_Task_. Within the entries below, find the portion that opens with the line containing "Kathryn Joseph im" and closes with the line containing "The stretch bands". Retype that portion exactly and only.

─── Data for analysis

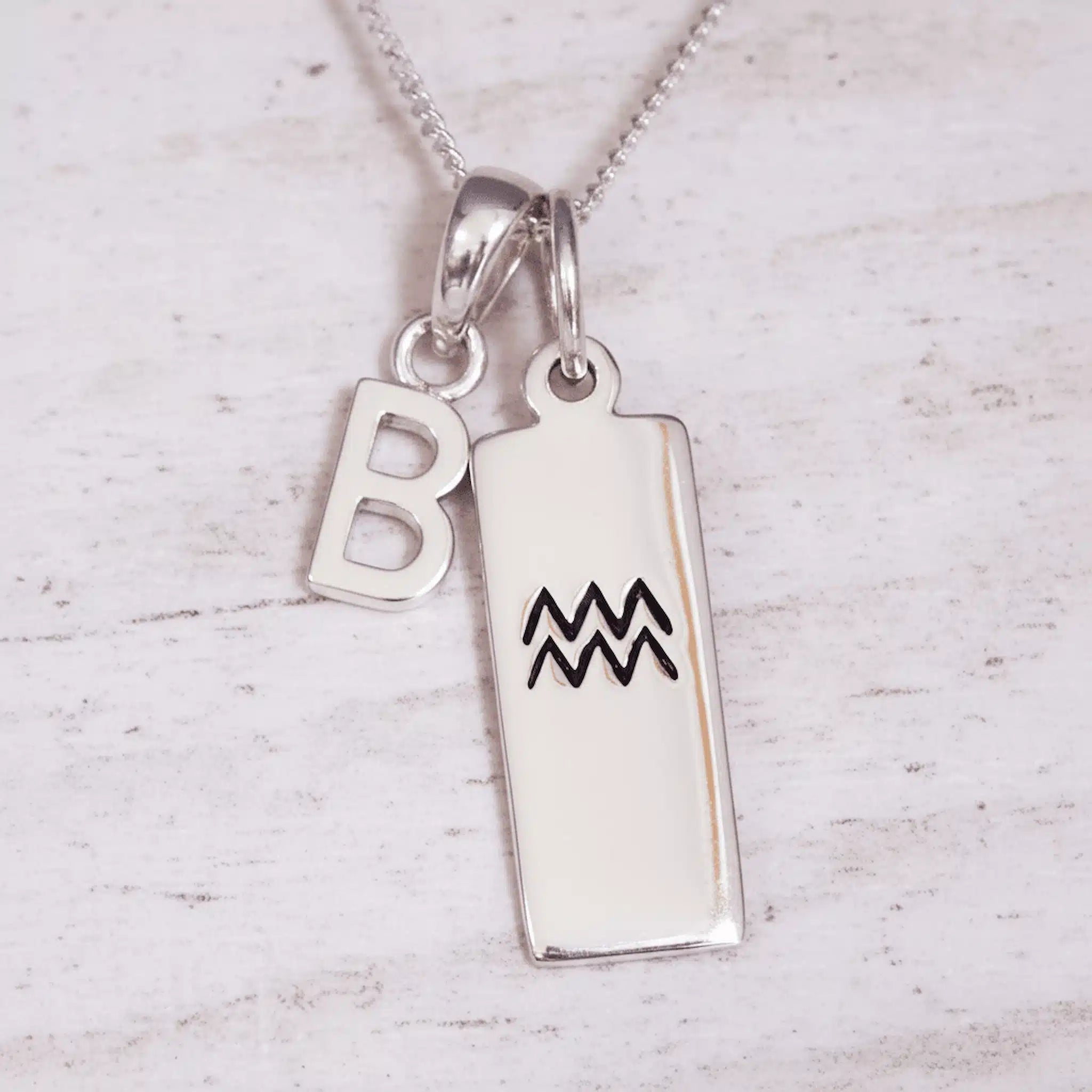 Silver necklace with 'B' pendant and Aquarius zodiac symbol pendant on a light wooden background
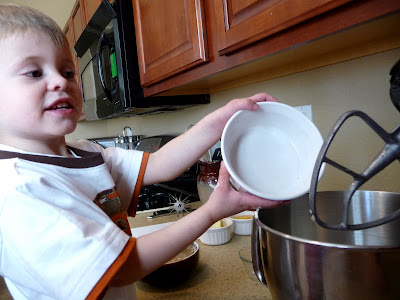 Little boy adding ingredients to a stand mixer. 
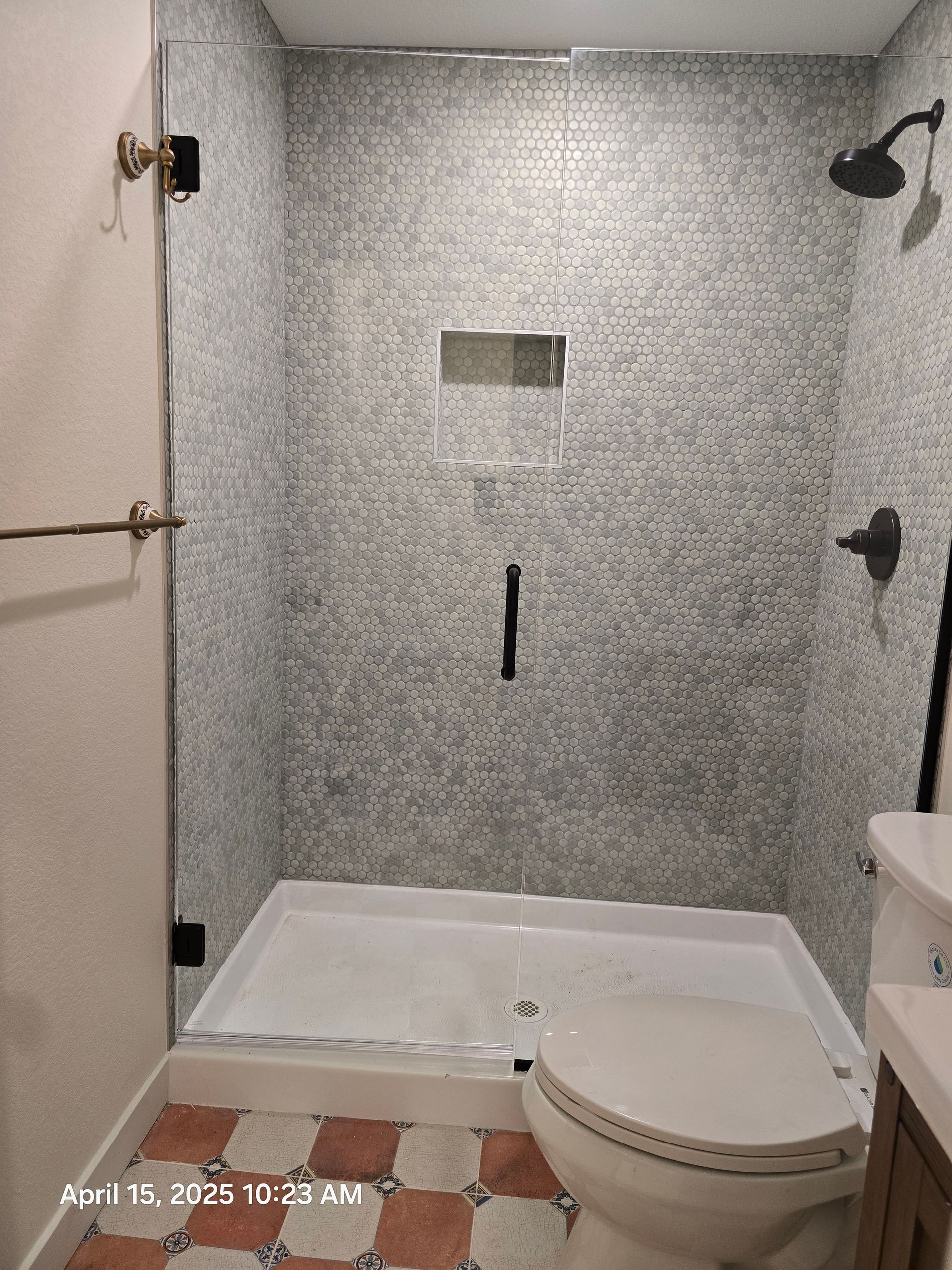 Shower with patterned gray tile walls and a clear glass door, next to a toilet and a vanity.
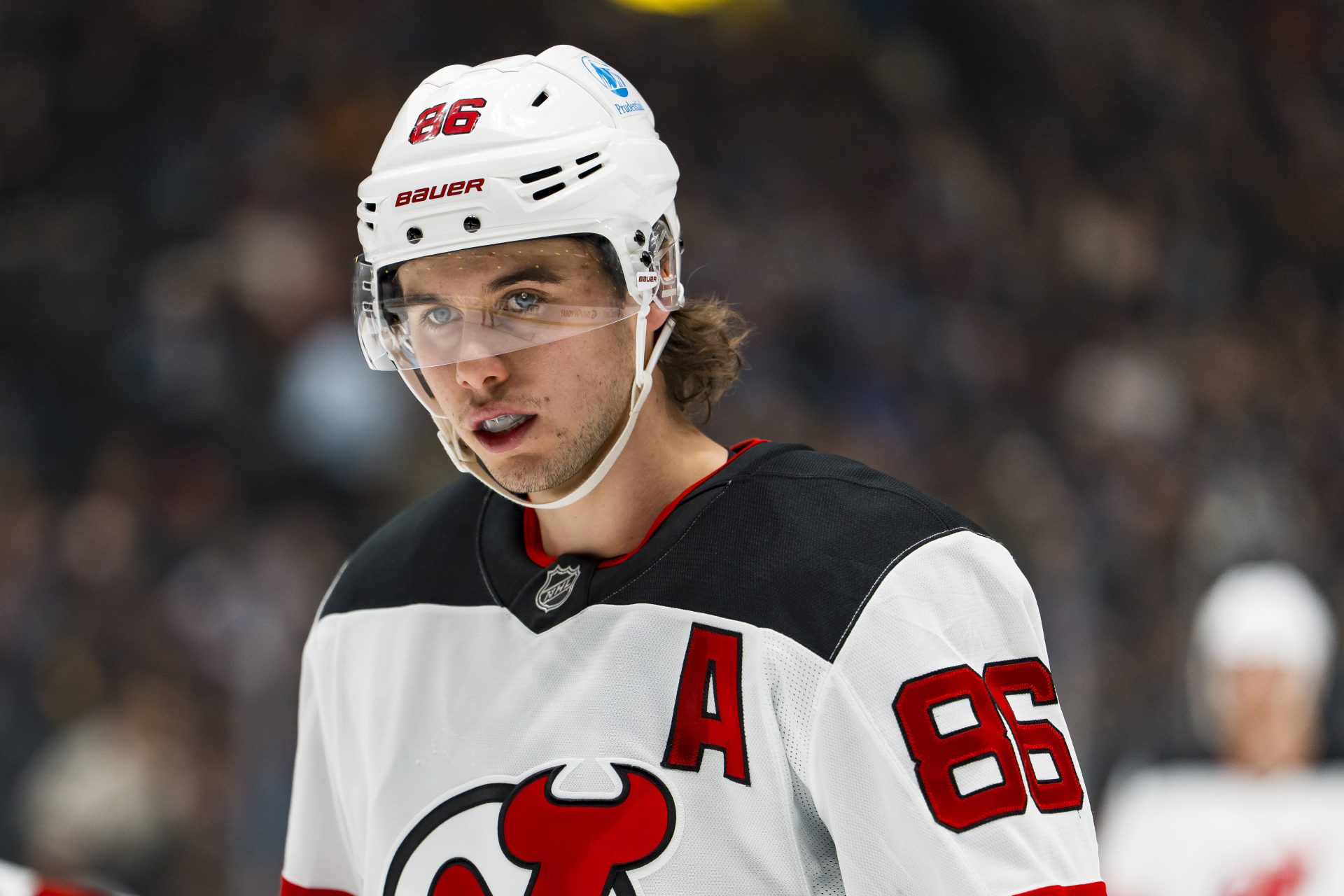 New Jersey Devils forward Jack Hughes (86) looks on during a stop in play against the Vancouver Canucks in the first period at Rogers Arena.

──────
─── Data for analysis

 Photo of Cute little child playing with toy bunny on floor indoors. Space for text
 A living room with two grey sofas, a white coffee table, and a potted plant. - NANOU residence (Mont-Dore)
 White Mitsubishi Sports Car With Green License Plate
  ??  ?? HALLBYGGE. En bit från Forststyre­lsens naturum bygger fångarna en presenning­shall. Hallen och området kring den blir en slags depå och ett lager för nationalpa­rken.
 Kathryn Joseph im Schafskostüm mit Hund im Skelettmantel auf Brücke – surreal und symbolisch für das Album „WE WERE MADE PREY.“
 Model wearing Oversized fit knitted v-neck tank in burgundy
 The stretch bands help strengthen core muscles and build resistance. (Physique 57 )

──────

_Solution to the exercise_.
 Kathryn Joseph im Schafskostüm mit Hund im Skelettmantel auf Brücke – surreal und symbolisch für das Album „WE WERE MADE PREY.“
 Model wearing Oversized fit knitted v-neck tank in burgundy
 The stretch bands help strengthen core muscles and build resistance. (Physique 57 )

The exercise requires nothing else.